#### Problem requirements:
From the records below, please return each line that holds the word "Series".

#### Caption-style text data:
╔══

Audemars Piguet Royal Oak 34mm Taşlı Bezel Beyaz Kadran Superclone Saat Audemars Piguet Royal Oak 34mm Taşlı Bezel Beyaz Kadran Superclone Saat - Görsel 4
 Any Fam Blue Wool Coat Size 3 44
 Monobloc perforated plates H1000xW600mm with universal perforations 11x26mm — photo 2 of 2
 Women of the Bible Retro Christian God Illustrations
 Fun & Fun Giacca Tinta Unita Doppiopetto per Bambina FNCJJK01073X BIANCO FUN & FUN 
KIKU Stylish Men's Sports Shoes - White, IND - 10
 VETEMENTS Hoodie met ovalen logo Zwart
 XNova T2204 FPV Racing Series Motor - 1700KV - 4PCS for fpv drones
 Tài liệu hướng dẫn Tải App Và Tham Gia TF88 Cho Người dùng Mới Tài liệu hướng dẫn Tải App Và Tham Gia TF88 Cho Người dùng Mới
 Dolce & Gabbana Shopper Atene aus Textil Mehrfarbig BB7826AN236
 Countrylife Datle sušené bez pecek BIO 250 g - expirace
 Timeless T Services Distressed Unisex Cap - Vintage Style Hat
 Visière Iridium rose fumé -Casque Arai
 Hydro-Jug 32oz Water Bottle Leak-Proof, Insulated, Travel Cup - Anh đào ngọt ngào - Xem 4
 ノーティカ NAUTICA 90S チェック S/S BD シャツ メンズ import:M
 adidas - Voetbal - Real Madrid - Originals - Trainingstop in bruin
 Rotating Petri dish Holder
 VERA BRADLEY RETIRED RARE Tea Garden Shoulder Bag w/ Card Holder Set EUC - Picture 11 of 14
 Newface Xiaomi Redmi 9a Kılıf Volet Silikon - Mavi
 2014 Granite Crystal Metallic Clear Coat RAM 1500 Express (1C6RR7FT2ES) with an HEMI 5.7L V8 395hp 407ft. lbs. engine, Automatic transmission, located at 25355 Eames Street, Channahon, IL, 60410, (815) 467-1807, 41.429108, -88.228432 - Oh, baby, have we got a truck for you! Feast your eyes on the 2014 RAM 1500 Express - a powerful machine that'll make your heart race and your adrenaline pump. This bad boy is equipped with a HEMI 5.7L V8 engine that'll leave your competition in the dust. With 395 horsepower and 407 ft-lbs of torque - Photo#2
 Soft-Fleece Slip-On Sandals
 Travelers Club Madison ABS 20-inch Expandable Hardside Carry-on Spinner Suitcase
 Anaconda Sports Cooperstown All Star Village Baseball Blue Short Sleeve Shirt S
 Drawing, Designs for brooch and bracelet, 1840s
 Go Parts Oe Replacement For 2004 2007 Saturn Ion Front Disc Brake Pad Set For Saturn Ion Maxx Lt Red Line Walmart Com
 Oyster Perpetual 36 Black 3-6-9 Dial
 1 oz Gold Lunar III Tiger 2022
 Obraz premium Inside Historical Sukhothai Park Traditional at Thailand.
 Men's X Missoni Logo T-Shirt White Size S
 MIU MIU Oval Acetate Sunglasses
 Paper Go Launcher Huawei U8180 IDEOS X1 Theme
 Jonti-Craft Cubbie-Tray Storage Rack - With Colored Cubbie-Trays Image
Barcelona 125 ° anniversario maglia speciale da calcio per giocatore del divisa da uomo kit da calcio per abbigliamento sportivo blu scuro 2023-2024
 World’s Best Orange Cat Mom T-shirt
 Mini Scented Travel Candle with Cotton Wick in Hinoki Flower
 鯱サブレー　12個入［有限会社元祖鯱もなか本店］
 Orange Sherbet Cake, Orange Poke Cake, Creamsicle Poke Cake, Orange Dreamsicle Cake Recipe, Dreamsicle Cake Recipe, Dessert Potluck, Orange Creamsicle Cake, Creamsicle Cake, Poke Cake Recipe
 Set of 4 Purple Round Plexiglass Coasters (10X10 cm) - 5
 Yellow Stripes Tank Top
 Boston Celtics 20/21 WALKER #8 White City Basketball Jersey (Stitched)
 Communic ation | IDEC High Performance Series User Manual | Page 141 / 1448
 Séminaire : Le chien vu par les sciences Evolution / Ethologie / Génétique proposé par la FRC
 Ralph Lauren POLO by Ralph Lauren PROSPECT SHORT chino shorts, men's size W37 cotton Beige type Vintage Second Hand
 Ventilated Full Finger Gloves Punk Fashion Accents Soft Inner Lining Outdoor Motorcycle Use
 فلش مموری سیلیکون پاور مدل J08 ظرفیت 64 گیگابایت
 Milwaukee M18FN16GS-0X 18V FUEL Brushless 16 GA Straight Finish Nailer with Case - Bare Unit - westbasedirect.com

╚══

#### Answer:
 XNova T2204 FPV Racing Series Motor - 1700KV - 4PCS for fpv drones
 Communic ation | IDEC High Performance Series User Manual | Page 141 / 1448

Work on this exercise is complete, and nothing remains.